OpenAI has released two new Realtime models in its API. They are named gpt-realtime-2.1 and gpt-realtime-2.1-mini. Both target low-latency voice and multimodal experiences. The mini model is the notable part of this release. It is a mini reasoning model for realtime voice. It ships at the same cost as the earlier gpt-realtime-mini. OpenAI also reduced p95 latency by at least 25% across Realtime voice models. That reduction comes from improved caching.

gpt-realtime-2.1-mini is a mini reasoning model for realtime voice interactions. It responds to audio and text inputs over a live connection. OpenAI positions it as the faster, more cost-efficient option in the lineup.

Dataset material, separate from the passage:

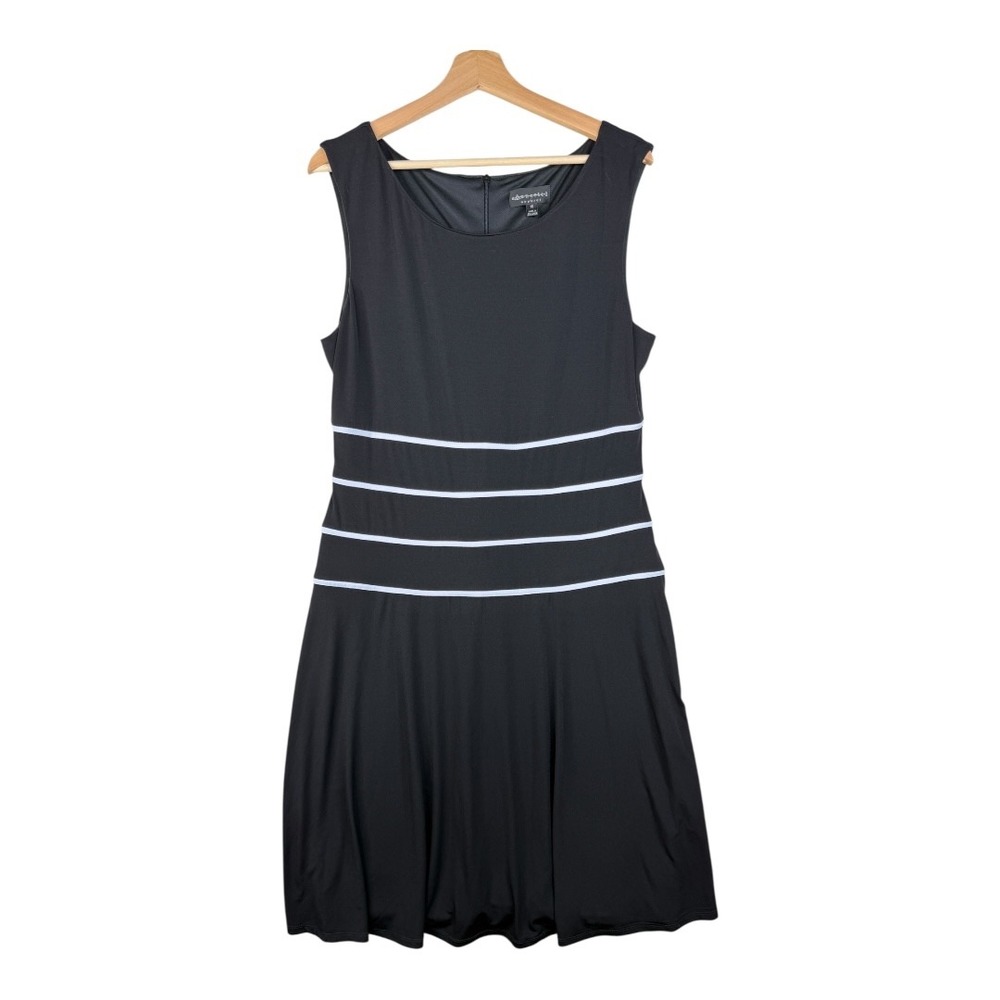Connected Apparel‎ Sleeveless A-line Dress size 16 Black/White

The Realtime API processes and generates audio through a single model. This avoids chaining separate speech-to-text and text-to-speech systems. That single-model design reduces latency and preserves nuance in speech.

Reasoning is the main capability here. It means the model can think internally before it speaks. The mini tier also supports tool use, or function calling, through the Realtime API. Together these let the mini model plan a step, call your function, then answer.

The larger sibling is gpt-realtime-2.1. It updates GPT-Realtime-2 with improved alphanumeric recognition. It also improves silence and noise handling, and interruption behavior. It supports speech-to-speech with configurable reasoning effort, instruction following, and tool use.